На твоём месте я бы сдавал квартиру. Хоть какие-то деньги за это будешь регулярно получать. И начни серьёзно искать работу вахтовым методом в других городах. Не обязательно в Москве. Можно и в северных нефтедобывающих регионах. Там непростой климат, зато немало платят, да и жильём нередко обеспечивают.
В общем, если хочешь менять свою жизнь, то начинай это делать.
Ты же не просто так на этот форум пришёл, не так ли? А су ты совершать не планируешь, насколько я понял.

----------


## Сашаа

Есть она,но на одно рабочее место много кандитов на работу с нормальной зарплатой,
конкурсный отбор.Я пытался,ответ мы вам перезвоним.За 11 сейчас уже сложно найти,пенсики все
по занимали,есть еще зарплата 6-8 тыс.Зато в интернете зарплаты 20 тыс,возможно так но у работодателя
выбор есть,много безработных вот и уезжают отсюда. 
Да пришел чтоб помогли.Опытом поделились,подсказали.Не хочу совершать суицид верно.

----------


## Remarque

Ладно, но в итоге же всё равно получается, что хоть работа и есть, но из-за большого числа кандидатов на неё трудно попасть.

Хорошо, ты остаёшься в своом городе. Что нужно, чтобы тебя взяли тем же охраником и водителем? Нужны деньги, чтобы получить права или лицензию. Ты сам-то готов пойти на такую работу? Есть возможность занять деньги у сестры на права или лицензию? Я понял, что у тебя с ней сейчас не лучшие отношения, но всё же вы с ней близкие родственники как-никак. Может, она тебе и займёт, если доходчиво ей объяснишь, зачем они тебе нужны. А другие родственники у тебя есть?

----------


## Сашаа

В Самару двоюродная сестра уехала,тоже не могла найти работу.Но она сделала это в нужное время,
но сейчас многие туда едут.Не местных из-за этого не любят,раньше в Самаре плохо не которые ехали к нам,а
сейчас на оборот.Ульяновск нас обогнал, раньше Ульяновск был самым бедным городом,а сейчас у
них чуть по лучше.От регионов зависит,я не знаю какая общая сютвация по стране.Но зарплаты разные.

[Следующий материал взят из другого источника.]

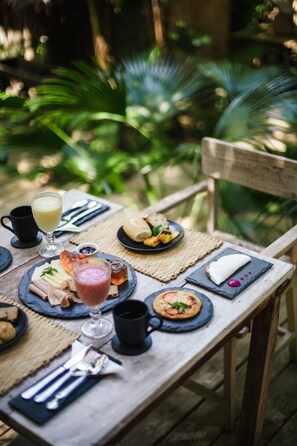 Free buffet breakfast  - Pousada Seis e Meia (Porto Seguro)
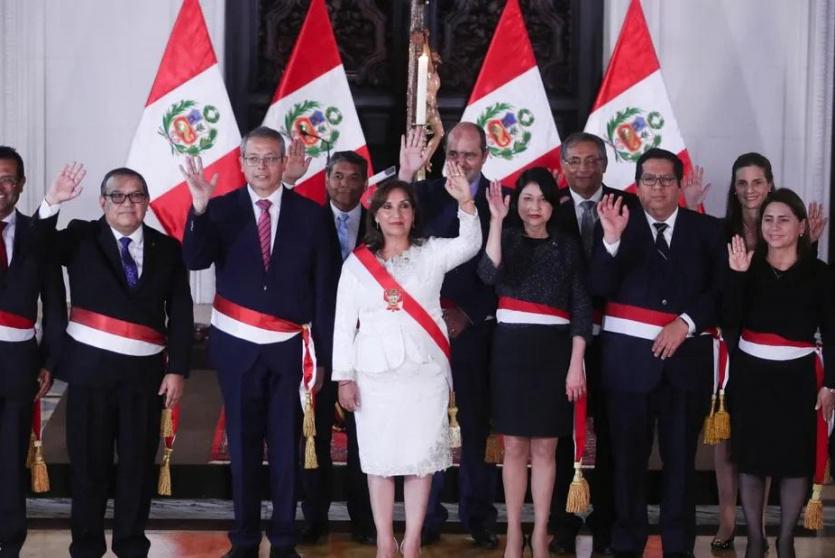 رئيسة بيرو تقدم حكومتها الجديدة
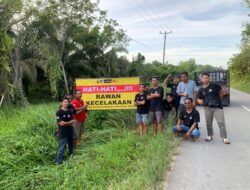 Polantas Sekadau dan Komunitas Driver All lawang Kuari Pasang Spanduk Keselamatan di Sejumlah Titik Jalan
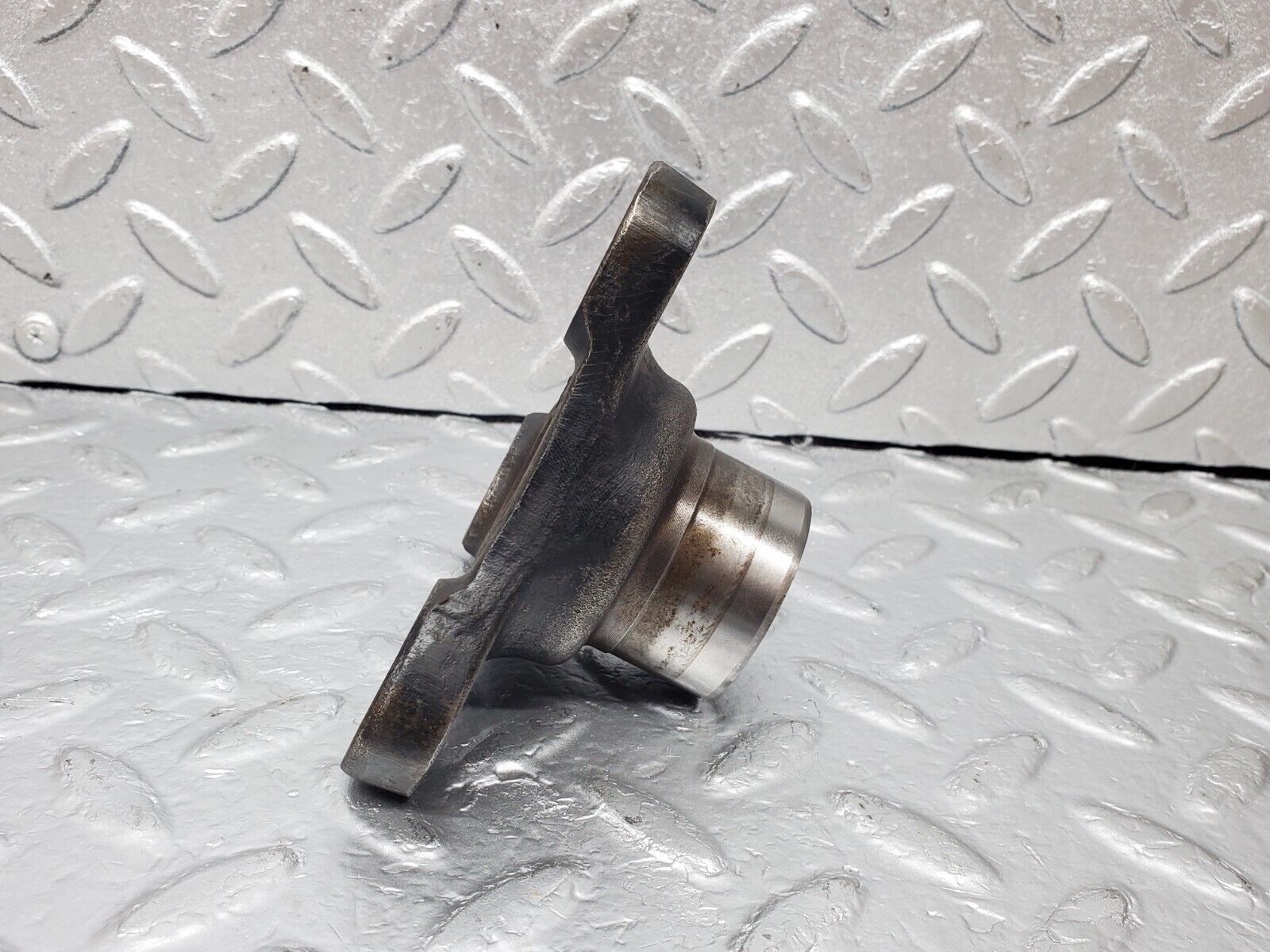 44564 Mercedes-Benz W123 280E Automatic Gearbox Rear Flange 722.309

Нет сильно поругался,все не так просто.Деньги могут за лицензию постепенно вычетать вроде,незнаю 
я пока.

----------


## Сашаа

Она не помогла,могла помочь устроиться.Вот и все.

----------


## Сашаа

В Самаре знакомы рассказывал на стройке стадиона 200тыс.руб месяц получал человек ему рассказывали.

----------


## Сашаа

В Сирию кто ездил получал больше чем на стадионах к чемпионату мира.Говорят 1 миллион в мес врать
не буду просто слухи слышал.Правда или нет незнаю.

----------


## Remarque

> В Самару двоюродная сестра уехала,тоже не могла найти работу.Но она сделала это в нужное время,
> но сейчас многие туда едут.Не местных из-за этого не любят,раньше в Самаре плохо не которые ехали к нам,а
> сейчас на оборот.Ульяновск нас обогнал, раньше Ульяновск был самым бедным городом,а сейчас у
> них чуть по лучше.От регионов зависит,я не знаю какая общая сютвация по стране.Но зарплаты разные.
> 
> Нет сильно поругался,все не так просто.Деньги могут за лицензию постепенно вычетать вроде,незнаю 
> я пока.


 Тогда узнай для начала, можно ли сделать лицензию, чтобы тебе её по частям вычисляли из зарплаты.

----------


## Remarque

Ну, а насчёт расценок в строительном бизнесе могу тебе рассказать практически из первых рук. 

У меня дядя примерно 20 лет назад приехал из провинцию в Москву. Устроился обычным рабочим на стройку. Со временем стал прорабом. Потом сколотил свою бригаду. Они участвовали в строительсте объектов к Олимпиаде в Сочи.
Сейчас у него свой дом в Москве. Раньше это была территория  ближнего Подмосковья, а после земельной реформы несколько лет назад вошла в состав Москвы. В общем, он купил себе участок практически за бесценок, а потом построил на нём трёхэтажный дом. После земельной реформы цены на участки у них в окрестностях выросли во много раз, когда территория вошла в состав Москвы.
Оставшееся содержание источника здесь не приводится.